Editor’s note: Compiled from reports to Tacoma police.
Jan. 30: The Laundromat Bully berated the change machine for ripping him off.
The dispatch call reported a disturbance — a customer who wouldn’t leave, shouting curses and alarming everyone else. Two officers rolled to the 6400 block of South Yakima Avenue and walked past the washers and driers.
Patrons pointed to the bully. He was 52, 6 feet 1, 260 pounds and surly. He yelled when he saw the cops. The machine took his money, he said.
Other customers said the man wouldn’t calm down. The manager refunded his money — $7.50.
Officers told the bully to leave, adding that he’d be arrested if he ever came back.

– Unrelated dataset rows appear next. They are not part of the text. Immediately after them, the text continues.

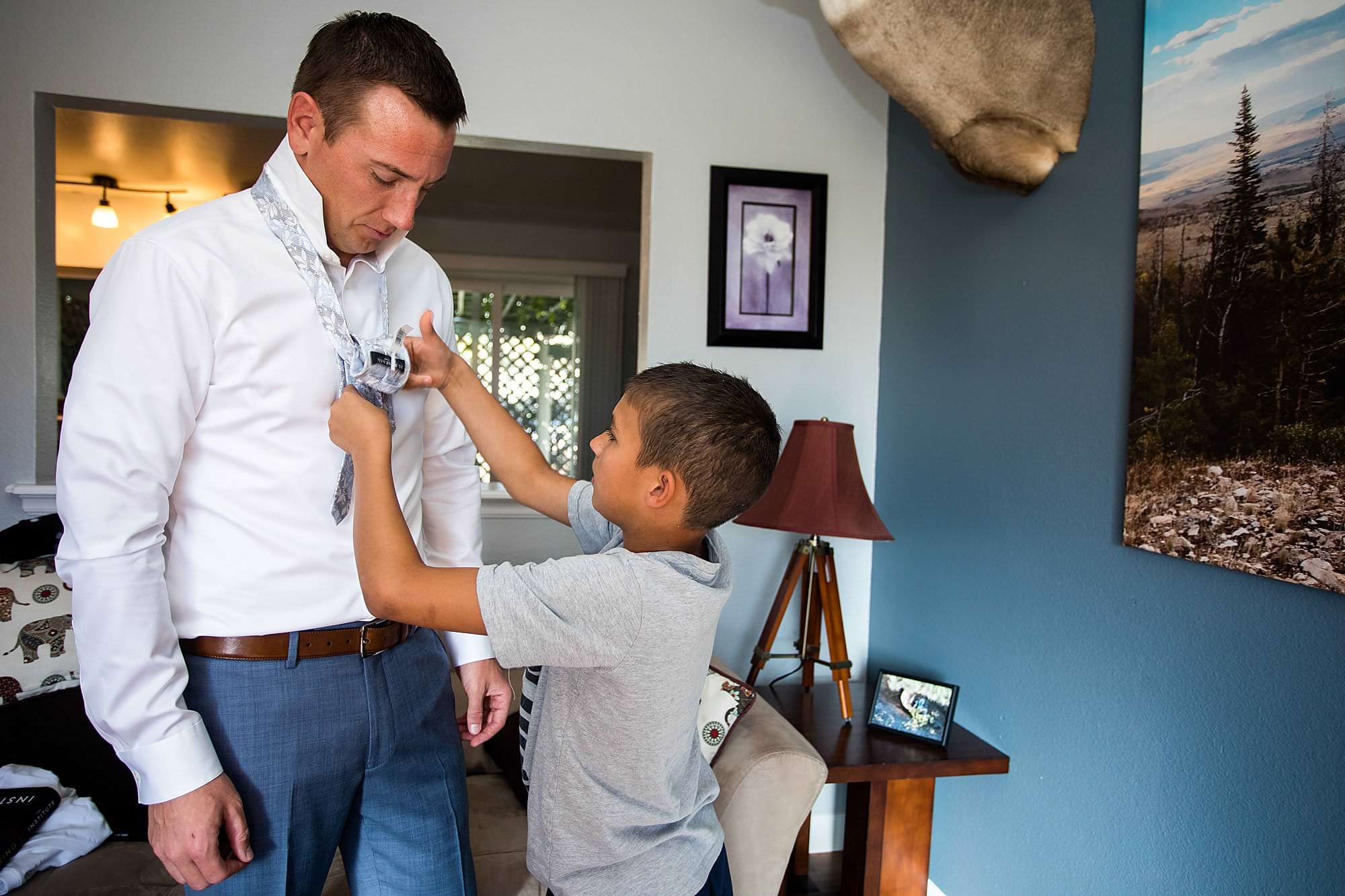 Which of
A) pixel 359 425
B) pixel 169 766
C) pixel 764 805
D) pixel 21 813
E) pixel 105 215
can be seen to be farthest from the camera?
pixel 105 215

The bully took his time. He dragged his feet. He opened the washers and driers — every one of them — and looked inside. Officers finally told him he had 10 seconds to clear out.
After he left, a woman spoke to the officers and thanked them. She said the man intimidated people at the laundromat, including a mother and child. The manager said the guy was a semi-regular who came in and called people names.
Jan. 26: Near a bus stop at South 24th Street and Pacific Avenue, the old tagger worked in fluorescent green.
He was 54 — not a fit for the typical tagger profile. He had no distinctive signature. Armed with a spray can, he carefully drew four letters on the wall of a boarded-up building: C-O-O-L.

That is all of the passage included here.